Beethoven’s Triple Concerto was a much-needed lyrical intermezzo to catch one’s breath in between two avant-garde beasts.  It is not a ‘deep’ piece, as it was first performed in 1808 to an audience of Viennese aristocrats on summer vacation.   It did, however, feature concertmaster Martin Chalifour, keyboardist Joanne Pearce Martin and principal cellist Robert DeMaine playing in their most congenial fashion with their orchestral colleagues and, in the short middle movement, playing an intimate piano trio by themselves. 

Andrew Norman’s world premiere piece, Sustain, occupied the entire second half of the concert, some forty minutes of new-age music filled with ethereal harmonies and gossamer textures that would make great background music in a sci-fi film or a day spa.  If a lot of Norman’s music is influenced by architecture, then ‘Sustain’ would be akin to a steel-and-glass contemporary house with modern furnishings and abstract art.  Then, as sudden as it was frightening, the calmness erupted into a huge maelstrom (with the full complement of the LA Phil percussion section, including a wind machine!) bigger and more formidable than anything heard in “L.A. Variations”, jolting you completely out of your meditative state.  The storm subsides and the music dies away as quietly as it began with a slow piano arpeggio. 

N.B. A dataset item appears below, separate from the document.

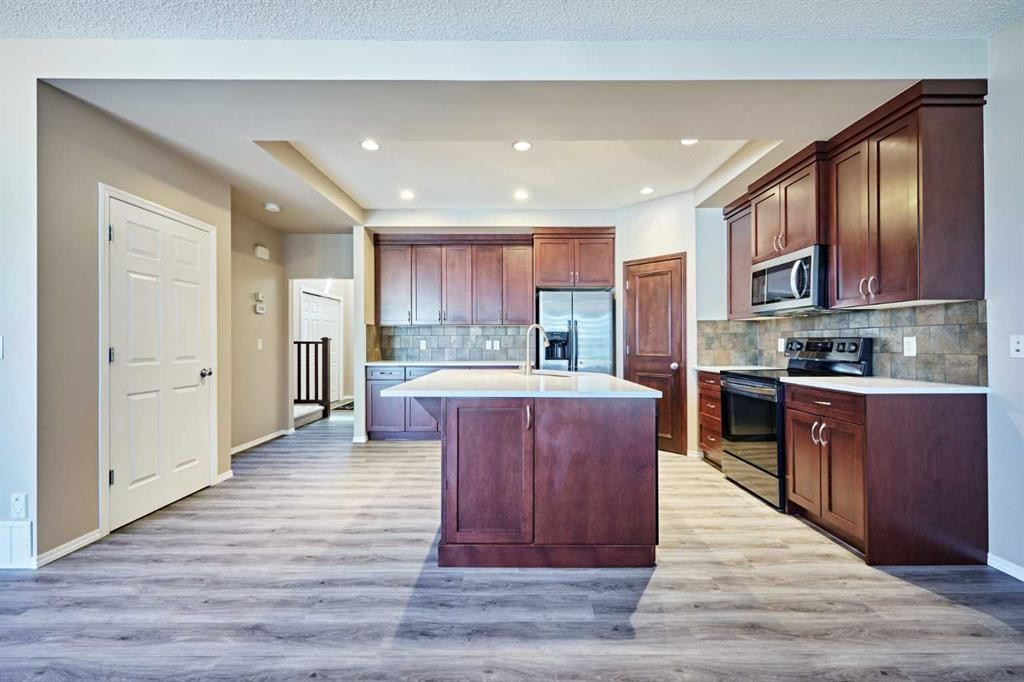 789 Panatella Boulevard Nw, Calgary, AB - Indoor Photo Showing Kitchen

The audience loved the ‘new’ approach to the LA Phil season and gave a long standing ovation.  They can expect to hear at least 50 more all-new pieces by the end of the season.  Which begs the question – does quantity equate quality?  That remains to be seen/heard.  It’s a daunting task for the listeners as well as for the musicians who have to learn all this new music.  Next week, the Green Umbrella series of concerts will feature only new works, and new thrills.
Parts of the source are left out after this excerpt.